Cliche but yet, it's true.

I can't even remember the last time I posted an entry here. Ok fine, I just didn't bother to look. But for good reason if you are wondering. I don't want to be reminded of old, stupid me.

Halfway through January and we are just about 2 weeks away from the Lunar New Year. CNY is here early this year and it's a mad scramble to get things done and out of the way as quickly as we can. Since getting our own place, life has been relatively tolerable, made better with our little fur baby Dahlia. We say she owns the apartment but her two human slaves pay for everything. That's how it works anyway with fur parents.

Work wise, it has been mundane for the most part. I mean, seriously, what do you expect me to be excited about? It's just like going through the motions for the week, being exceptionally excited when 6.30pm on Friday comes around and I get to go home and sleep in on the weekends. And then, there's nothing much else to look forward to except spending time with Dahlia.

And I think it's a sign I'm growing old. I'm getting easily peeved by people and things that happen around me more often than I'm comfortable with. Slow walking ones, ones who block you, the ones who don't know how to swerve when they see you walking through with big bags, the ones who stare at their phones and not know where they are walking towards. These people ought to be shot but all I usually do is just stare them down and perhaps make a snide remark or two as we pass each other. Ya, old. Now you get it.

But besides all the negativity (are they really that bad, I wonder?), I guess there are little snips and snatches of good things in my life. Possibly things that have been there for like forever actually.

1. I'm starting to know myself a little more. Know what I want in life, my friends, my family, my work, whatever you can come up with.

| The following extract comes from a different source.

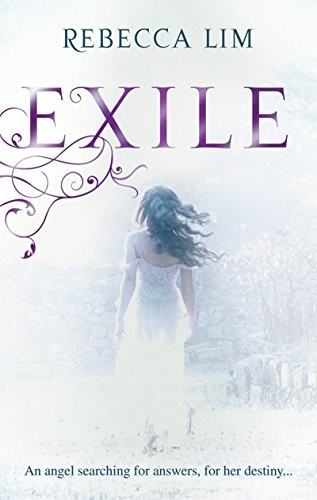 Cover of Exile (Mercy, Book 2)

2. I'm starting to find out who my true friends are. Who are those that truly love me for the lousy piece of human crap I am.

3. I'm starting to learn how to stand up for myself.

4. I'm starting to learn what it is to love. Though unconditionally, it's still a work in progress.

5. I'm starting to learn to shut up and listen more. And because of that, I seem to be learning more about the things that are happening around me more.

The world ain't that pretty afterall when you start picking up the pieces. And the next time someone tells you, "The world will fuck you over", take that advice and run with it.

At the end of the day, we are only human. I just happen to be one big emotional roller coaster even at this point in my life. It will probably never change. I guess. Never. Nah-uh. Possibly. I don't know.

Why the hell am I doing a soliloquy?